The Skills Node applies AI to analyze and generate insights from text, audio, image, or video inputs. This node enhances your agent’s capabilities by allowing it to interact with different media types—generating or analyzing content, transcribing audio, and more. Each skill type can integrate agent variables to make the experience more dynamic and adaptable.

Skill Types

Currently, the Skills Node supports four skill types, each with its own configuration options.
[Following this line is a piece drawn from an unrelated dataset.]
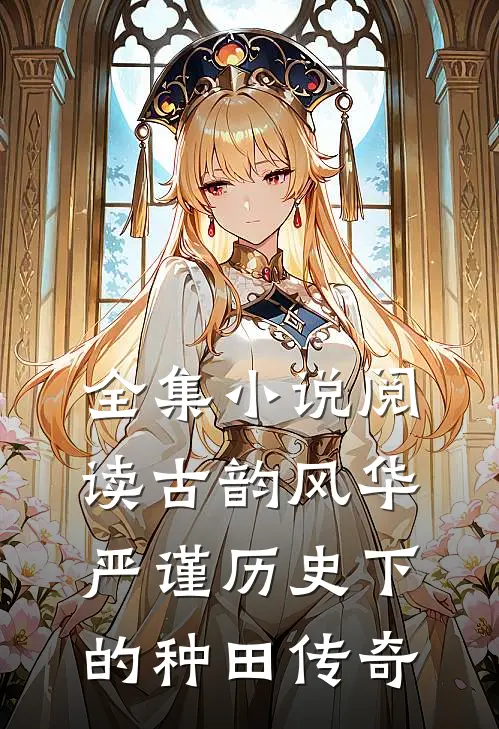 全集小说阅读古韵风华严谨历史下的种田传奇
Each of these skills can make use of agent variables to personalize and customize the input data.

1. Image Generation

  • Purpose: Generate images based on provided instructions, useful for creating visual assets such as banners, designs, and illustrations.
  • Settings:
    • Model Provider: Choose the AI model provider for image generation.
    • Instructions: Provide a description of the image you want to generate (e.g., “Generate a product banner with vibrant colors and promotional messaging”).
      Note: You can include agent variables within the instructions to dynamically adjust the image creation based on user data or previous interactions (e.g., {{product_name}}, {{color}}).
  • Example: Generate custom banners for promotions where the product and color can be dynamically pulled from the conversation context.

2. Image Analysis

  • Purpose: Analyze images to extract insights, detect objects, or classify content (e.g., quality checks, object detection).
  • Settings:
    • Model Provider: Choose the AI model provider for image analysis.
    • Image URL: Provide the URL of the image to be analyzed. Note: You can insert agent variables here to dynamically supply the image URL, such as {{user_uploaded_image_url}}.
    • Instructions: Define the analysis task, such as detecting specific objects, checking for damage, or identifying details. Note: You can include agent variables here as well to adapt the instructions to the current conversation (e.g., “Check for packaging damage in the image, and verify if the labels contain the product name {{product_name}}”).
  • Example: Analyze images for quality control or product verification using dynamically provided image URLs and instructions.

3. Transcribe Recording

  • Purpose: Convert audio recordings into text, useful for transcribing voice messages, meetings, or customer service calls.
  • Settings:
    • Language: Choose the language spoken in the recording (e.g., English, Spanish).
    • Model: Select the model for audio transcription.
    • Audio URL: Provide the URL of the audio file to be transcribed. Note: The Audio URL can contain agent variables to dynamically link to recordings (e.g., {{audio_recording_url}}).
  • Example: Use this skill to transcribe customer service calls where the recording URL is dynamically passed from a previous node.

4. Generate Audio

  • Purpose: Convert text into speech, useful for generating voice-based interactions or notifications.
  • Settings:
    • Model: Select the AI model for audio generation.
    • Voice: Choose the voice for the generated audio (e.g., male or female voice, specific accent).
    • Text: Provide the text to be converted into speech. Note: You can include agent variables in the text to make the speech more dynamic and personalized (e.g., “Welcome back, customer_name!”).
    • Additional Instructions: Specify any additional instructions for the tone, pace, or emphasis of the speech. Note: This field can also contain agent variables to adjust the instructions based on user input or previous interactions (e.g., “Create a personalized greeting for a new customer in a warm, conversational tone.”).
  • Example: Generate dynamic audio responses for customer greetings where both the text and tone can be adjusted based on the customer’s name or interaction history.

Best Practices

  • Utilize Agent Variables: Leverage agent variables within your instructions and input fields to personalize and dynamically adapt the AI’s behavior based on real-time data.
  • Clear and Concise Instructions: The more specific and detailed your instructions, the better the AI will perform. Avoid vague descriptions and include necessary context.
  • Model Selection: Test different models for performance (speed, accuracy) depending on the task (e.g., transcription accuracy, image generation style).